A light flashed to the right. There. Gone. Someone searching through the woods, and whoever it was had probably heard Quinn shuffling through the dead pine needles and fallen leaves.
Quinn didn’t dare stop, didn’t dare go back to the tree or duck into another hole. They’d find her this time. She was certain of it.
She sprinted into a thicket, brambles and branches tearing at her hair and snagging the comfortable yoga pants she’d worn for the ride.
She barely felt it.
Keep going. That’s all she could think about. Run as fast as you can.
Jubilee’s weight slowed Quinn down, but she pushed through the other side of the thicket, dodging through trees.

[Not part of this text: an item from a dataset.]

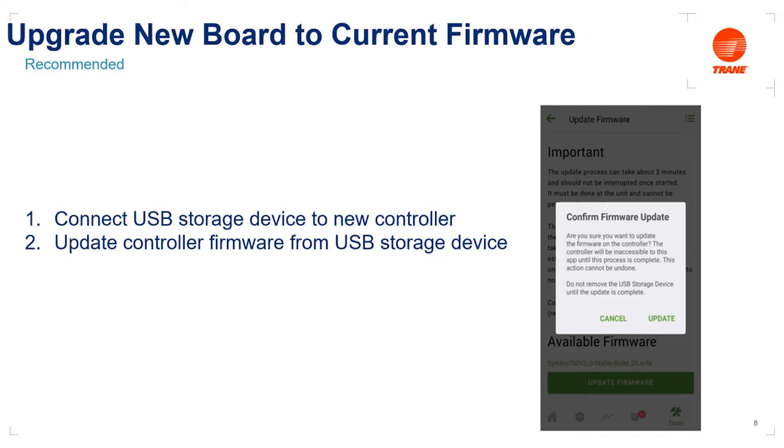Over the course of the update, you're going to be disconnected from the controller, and partway through the process the LEDs on the controller will go out — this is all normal. If you want to follow along, there is a two-by-sixteen display on the face of the board showing dialogue throughout the update. It'll start by saying 'Validating FW,' then 'Decrypting FW,' and so on through several steps until finally 'Update Success,' followed by 'Load Field,' then 'Boot Field.' Your firmware update is then complete and the new control board is running the latest firmware. Note that trained technicians using the Tracer TU tool can also complete this process using the file transfer utility within Tracer TU.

Her foot caught on roots that snaked out of the ground, and she fell hard, skidding on her knees, one hand on the ground, the other clutching Jubilee.

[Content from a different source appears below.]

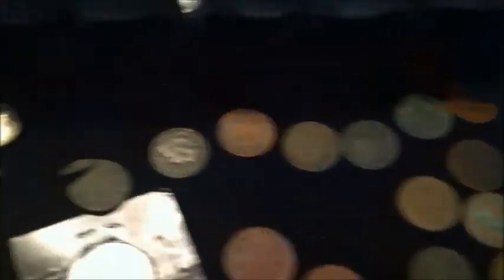I'm going to make another video and put some of my other cool stuff — a lot of my old tokens. This is just some of my better finds. I got a bunch of older Wheaties — 1909 VDB, a couple 1910s. That's that stuff. I'll put another video up as fast as I can and show you some more cool stuff.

A man stepped out in front of her, appearing so quickly, she thought she must be imagining the dark form.
He moved toward her and she scrambled up.
“I have a gun,” she lied, her voice shaking.

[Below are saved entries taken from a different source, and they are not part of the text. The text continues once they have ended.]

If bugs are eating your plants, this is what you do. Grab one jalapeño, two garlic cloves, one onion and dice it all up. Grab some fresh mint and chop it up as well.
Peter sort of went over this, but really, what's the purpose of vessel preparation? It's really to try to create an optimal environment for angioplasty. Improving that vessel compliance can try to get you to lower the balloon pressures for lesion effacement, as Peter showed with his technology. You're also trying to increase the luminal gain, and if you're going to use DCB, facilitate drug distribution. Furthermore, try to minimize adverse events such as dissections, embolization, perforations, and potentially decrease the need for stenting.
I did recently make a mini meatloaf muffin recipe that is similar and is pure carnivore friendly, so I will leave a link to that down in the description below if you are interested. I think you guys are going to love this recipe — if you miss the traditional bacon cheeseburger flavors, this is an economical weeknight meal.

“No, you don’t. You’re a pacifist to the core,” the man responded, his voice so familiar, she wanted to cry with relief.
“August?”
“Yeah, and you’re lucky it is. Didn’t Malone tell you to stay hidden?” he responded.
“Not exactly,” she hedged.
“Exactly,” a man said, his voice coming from behind Quinn. “I told you to stay put until I got back.”
“I decided I’d be safer heading to my brother’s place.”
“Your brother was the one I saw walking through the trees. If you’d given me half a minute to check things out, you could have saved us all some time.”
“I gave you more than half a minute.”
“Learn a little patience. It might save your life one day,” he retorted, his eyes blazing through the darkness.
“How about we discuss this at my place?” August cut in. “I’ll feel a whole lot better about everything once we’re not standing in the woods making it easy for any sniper who happens to be skulking around.”
A sniper?
That wasn’t something Quinn wanted to think about.
She shuddered, clutching Jubilee a little tighter.
“I agree,” Malone said. “I don’t know about you, McConnell, but I’m not liking the way things are playing out.”
“You want to walk or go back to my SUV?” August asked. The fact that he was asking surprised Quinn. August had been doing his own thing and going his own way for as long as she could remember. He’d joined the marines at eighteen, been discharged honorably five years later. Now he worked private security, traveling around the country doing work for a high-profile security firm. He didn’t ask anyone for advice, and he never seemed to need help.
“It’s your call. You know the area better than I do,” the guy responded. Malone? That’s what August had called him. Maybe they were old military buddies. Quinn would have to ask. After they got out of the woods.
“Let’s walk to my place. I’ll come back for the SUV after law enforcement gets here.”
“You called the police?” Quinn had promised Tabitha that she wouldn’t. She’d kept that promise the same way she’d kept so many others. She was big on that. Keeping promises. Mostly because her father had never kept his. Not to her mother. Not to her. Not to any of his children, friends or relatives.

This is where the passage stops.